Fastenshtein is an optimized and unit tested Levenshtein implementation. It is optimized for speed and memory usage.
From the included brenchmarking tests comparing random words of 3 to 20 random chars to other Nuget Levenshtein implementations.
Method | Mean | StdDev | Scaled | Scaled-StdDev | Gen 0 | Allocated |
---|---|---|---|---|---|---|
Fastenshtein | 16.2006 ms | 0.0069 ms | 1.00 | 0.00 | - | 20.48 kB |
FastenshteinStatic | 17.2029 ms | 0.0234 ms | 1.06 | 0.00 | - | 2.81 MB |
StringSimilarity | 24.1955 ms | 0.0280 ms | 1.49 | 0.00 | 329.1667 | 5.87 MB |
NinjaNye | 35.9226 ms | 0.0152 ms | 2.22 | 0.00 | 6337.5000 | 44.21 MB |
TNXStringManipulation | 45.4600 ms | 0.0065 ms | 2.81 | 0.00 | 3329.1667 | 24.63 MB |
MinimumEditDistance | 207.9967 ms | 0.0893 ms | 12.84 | 0.01 | 3404.1667 | 25.59 MB |
int levenshteinDistance = Fastenshtein.Levenshtein.Distance("value1", "value2");
Alternative method for comparing one item against many (quicker due to less memory allocation)
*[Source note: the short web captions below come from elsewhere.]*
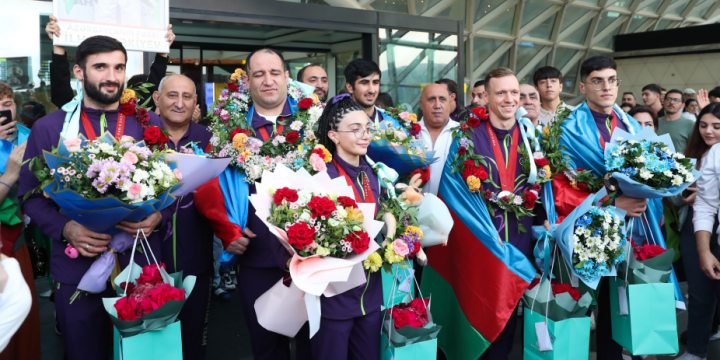 Paris Paralimpiadasında medal qazanmış Azərbaycan idmançıları Vətənə dönüblər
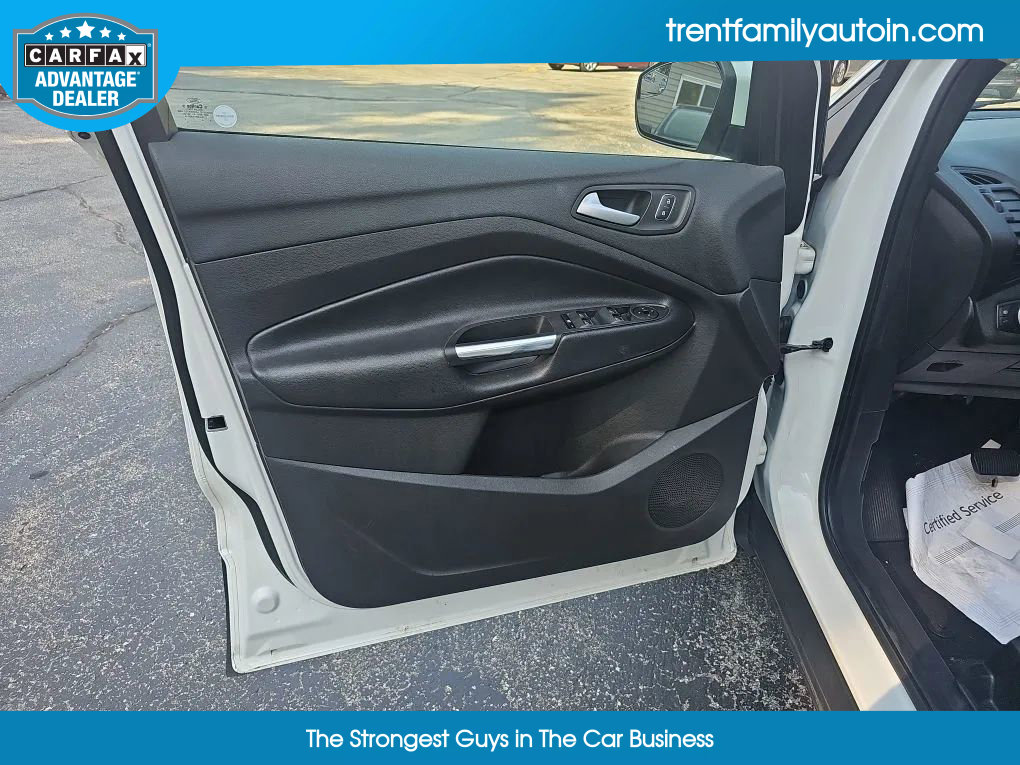 Used 2019 Ford Escape SEL image 25
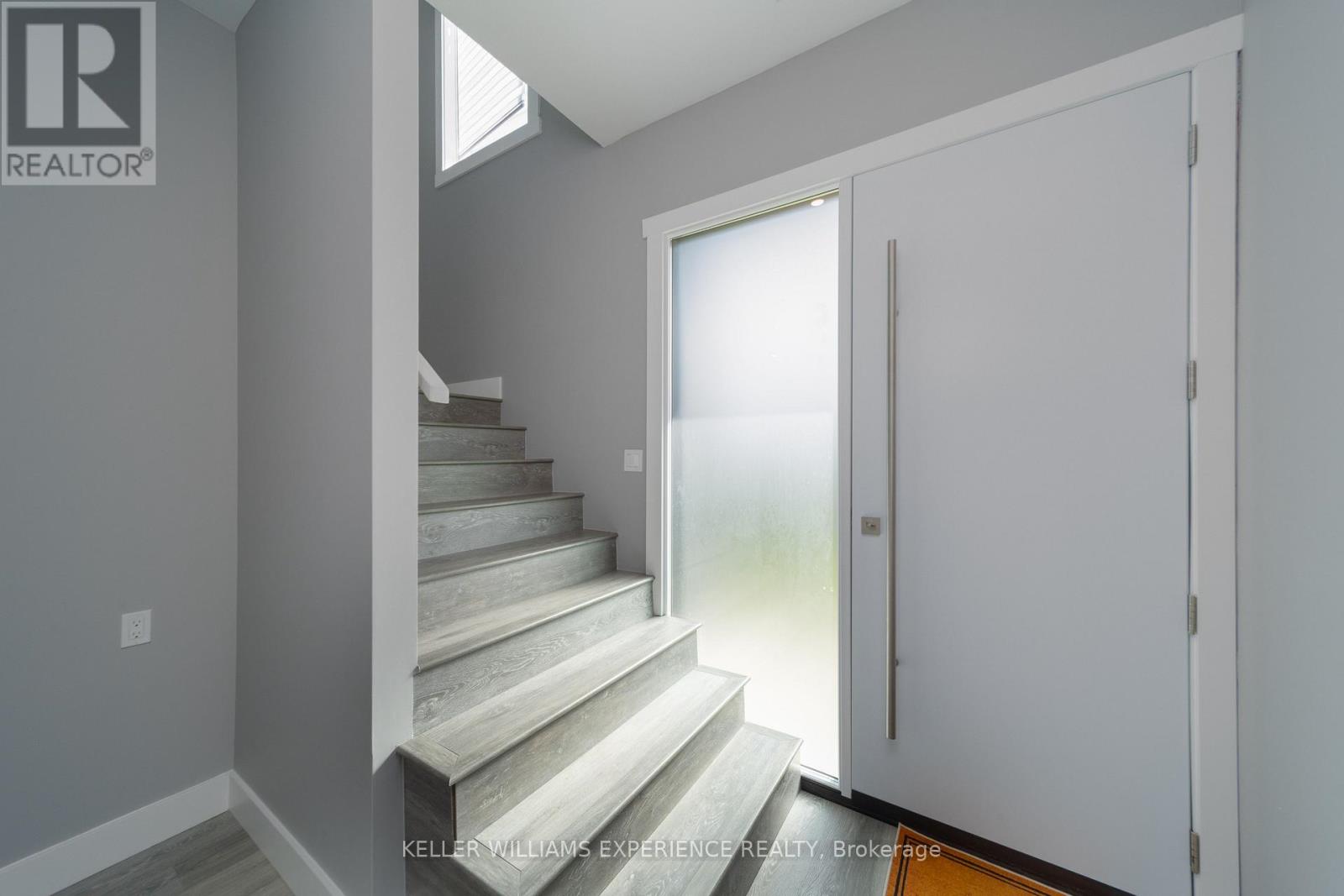 1055 Henry Street Property Photo 14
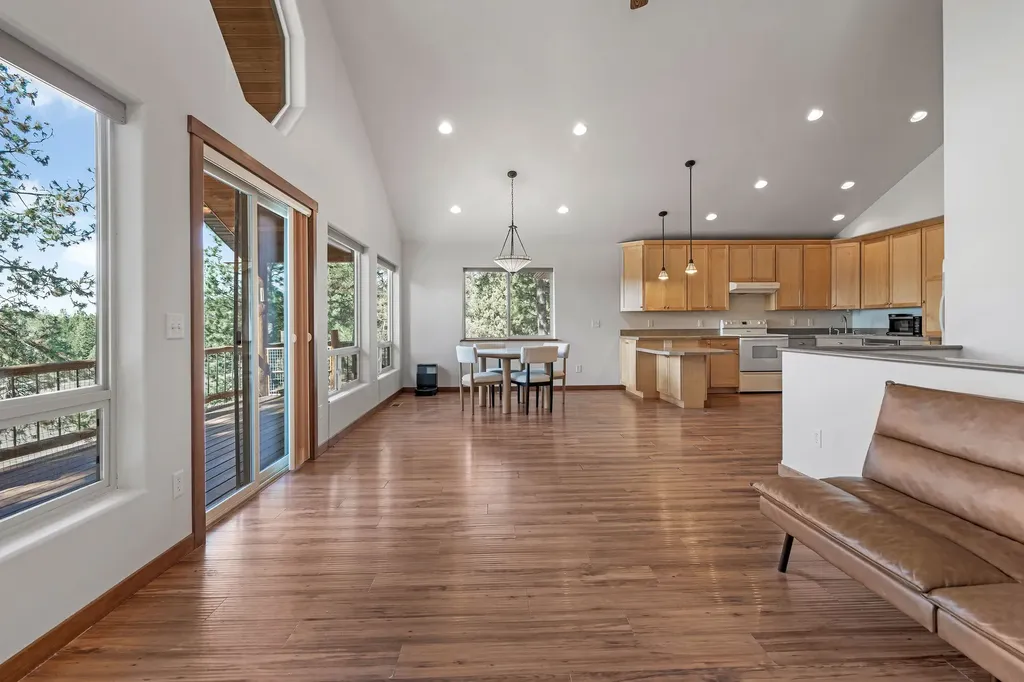 32415 Alpine Place Polson MT 59860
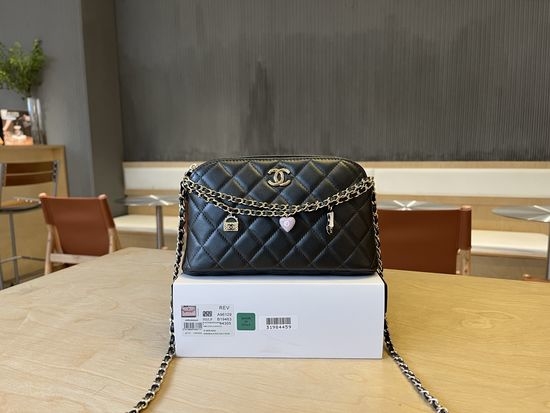 Chanel Heart Pendant Chain Bag A96129
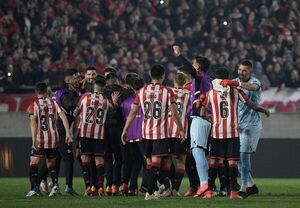 Estudiantes golea a Fortaleza y se cita en cuartos con Paranaense - Fútbol Internacional - ABC Color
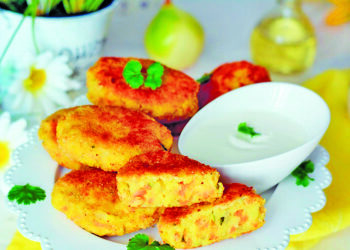 Морквяні смаженики зі сметанно-ванільним соусом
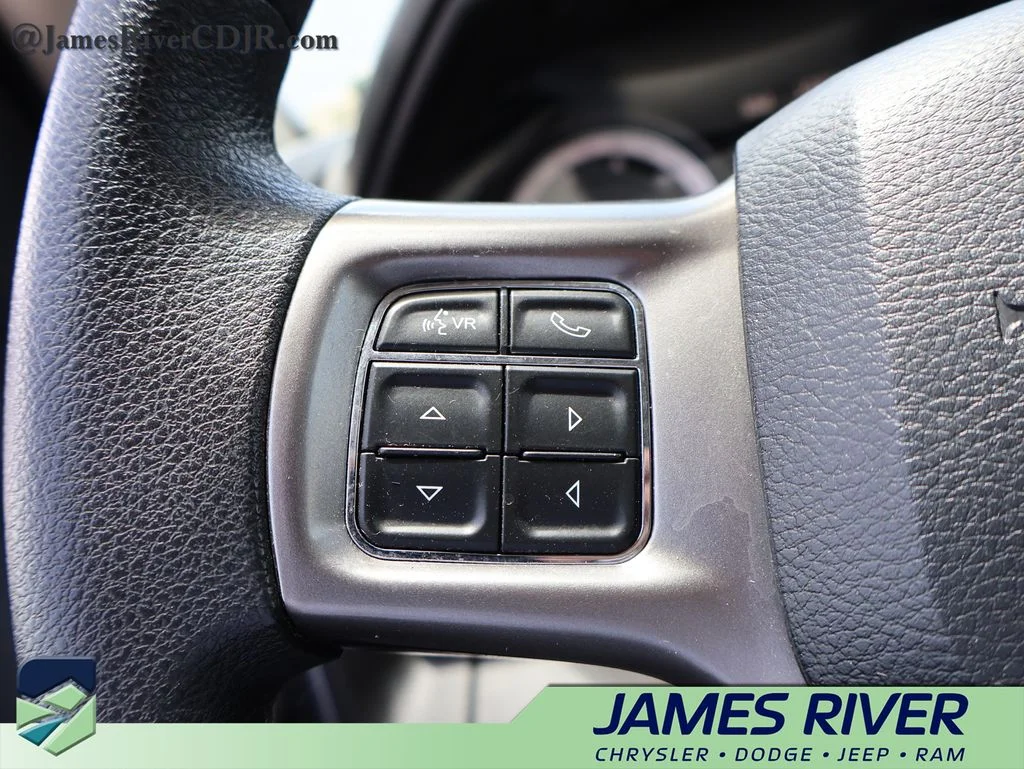 Used 2023 White Ram SLT image 25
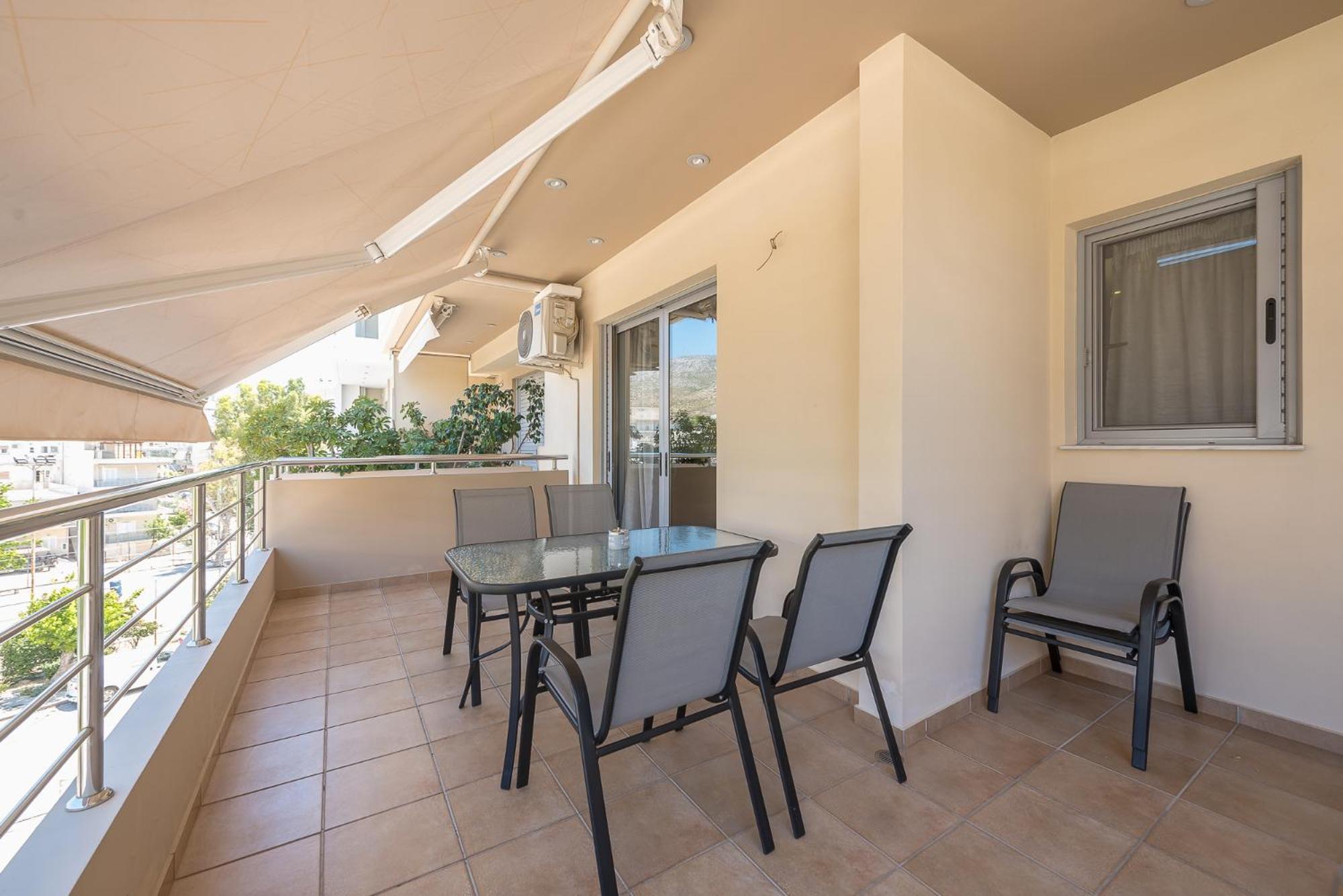 Rigas Apartment In Ilioupoli Atenas Exterior foto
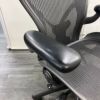 HermanMiller（ハーマンミラー）アーロンチェア 可動肘付アーロンチェア 商品画像12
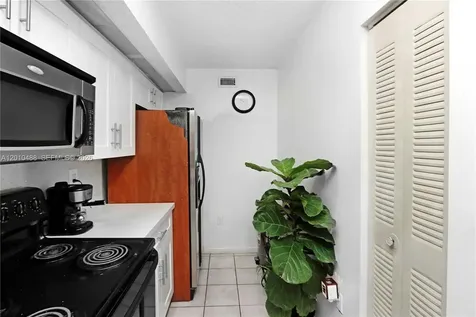 8640 SW 212th Street Cutler Bay FL 33189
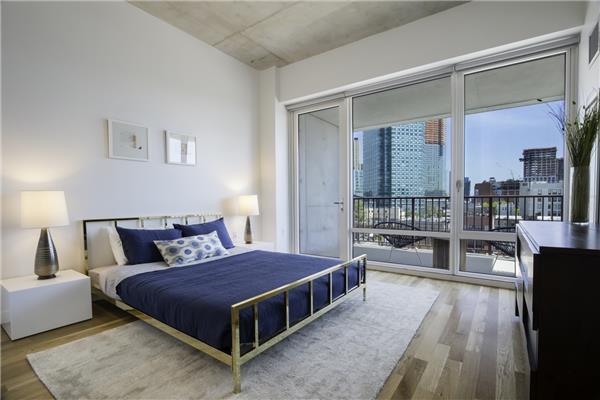 Foto del edificio - 2222 Jackson Ave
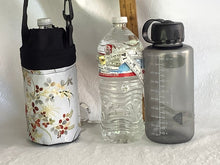 Load image into Gallery viewer, Grey floral squat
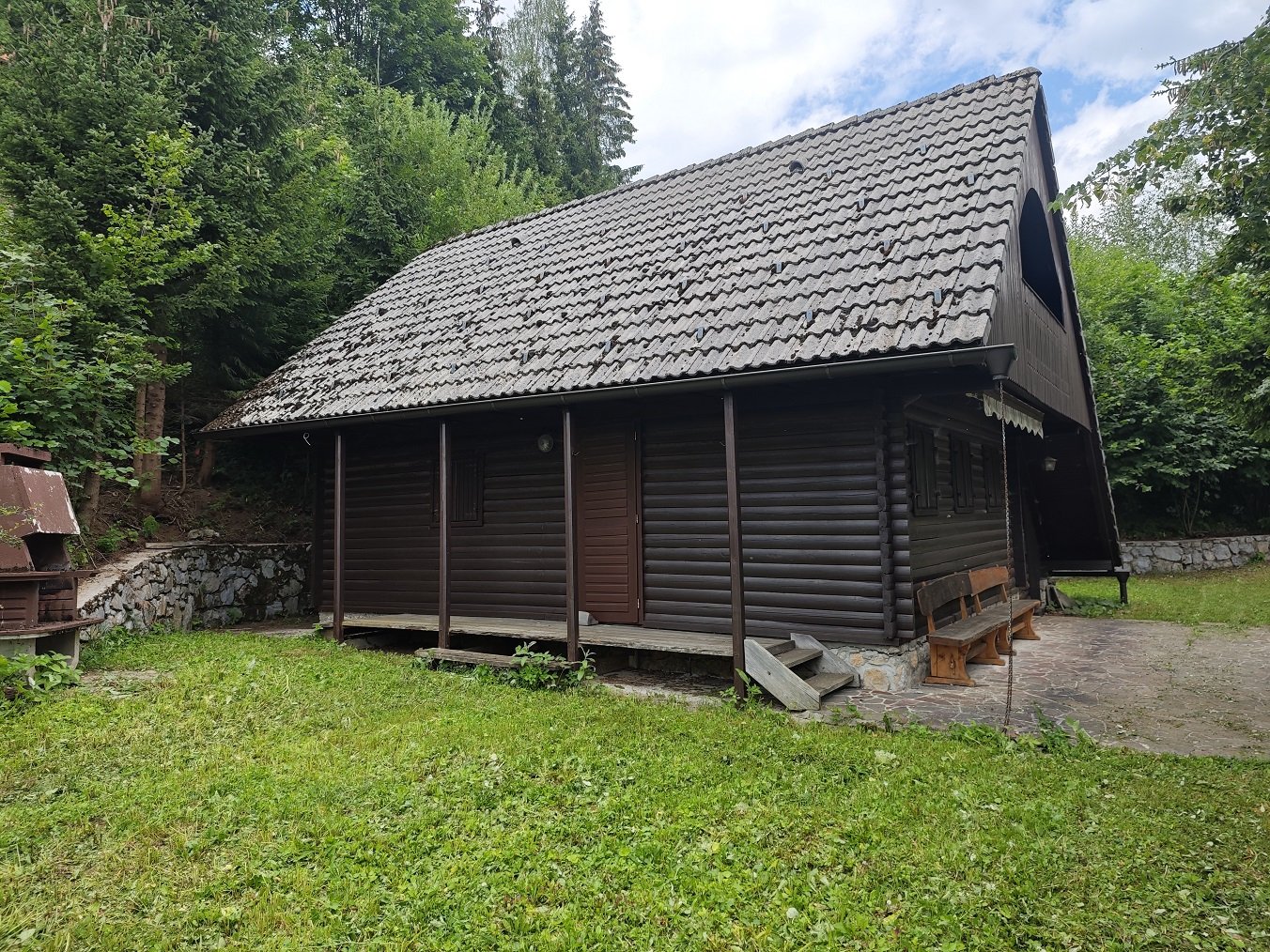 PRODAJA VIKEND ,LESEN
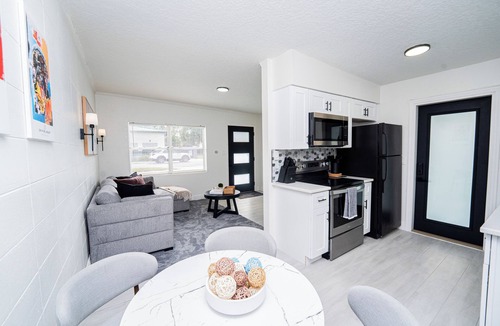 Lawsona - Fern Creek House | Close to the Action, Peaceful When You Return - 2BR In Downtown, Sleeps 6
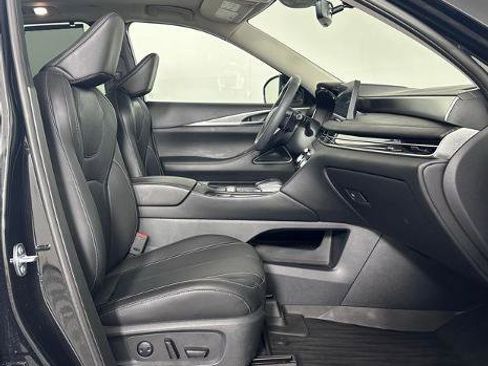 Certified 2025 INFINITI QX60 Luxe FWD image 30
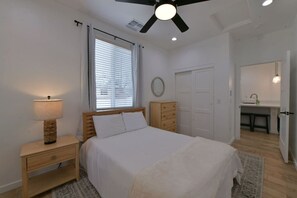 2 bedrooms, desk, iron/ironing board, WiFi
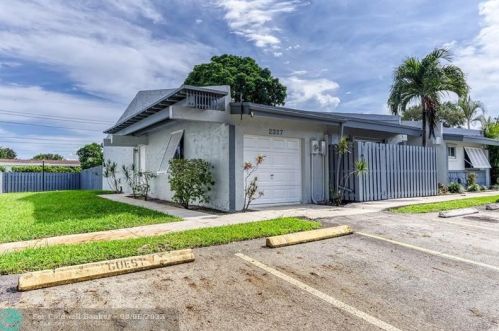 2327 37 Ave, Hollywood FL 33021-3626 exterior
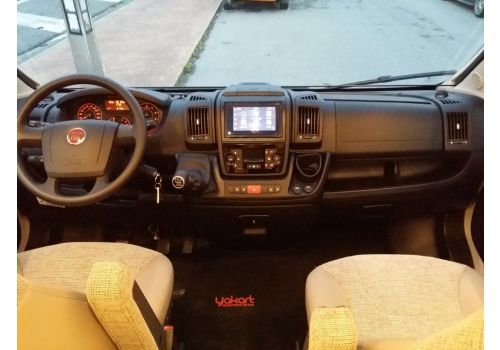 Low Profile Motorhome DETHLEFFS Globebus T 1 modelo 2017 en Sale Occasion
Fastenshtein.Levenshtein lev = new Fastenshtein.Levenshtein("value1");
foreach (var item in new []{ "value2", "value3", "value4"})
{
int levenshteinDistance = lev.DistanceFrom(item);
}
We will create Fastenshtein as a CLR Scalar-Valued Function within SQL Server. This will allow the fast Levenshtein implementationto be used within SQL Server.
- To enable CLR integration for the server:
sp_configure 'clr enabled', 1
RECONFIGURE
- Place the Fastenshtein.dll on the same computer as the SQL Server instance in a directory that the SQL Server instance has access to. You must use the .Net framework version 4 of Fastenshtein. To create the assembly (dll) either:
- Compile the project “FastenshteinFramework” in Release config in Visual Studio.
OR
- Download the pre-compiled dll from nuget unzip the package and use the dll in \lib\net40-client folder.
- Create the assembly
CREATE ASSEMBLY FastenshteinAssembly FROM 'C:\Fastenshtein.dll' WITH PERMISSION_SET = SAFE
- Then create the function
CREATE FUNCTION [Levenshtein](@value1 [nvarchar](MAX), @value2 [nvarchar](MAX))
RETURNS [int]
AS
EXTERNAL NAME [FastenshteinAssembly].[Fastenshtein.Levenshtein].[Distance]
GO
- It is now ready to be used:
-- Usage
DECLARE @retVal as integer
select @retVal = [dbo].[Levenshtein]('Test','test')
Select @retVal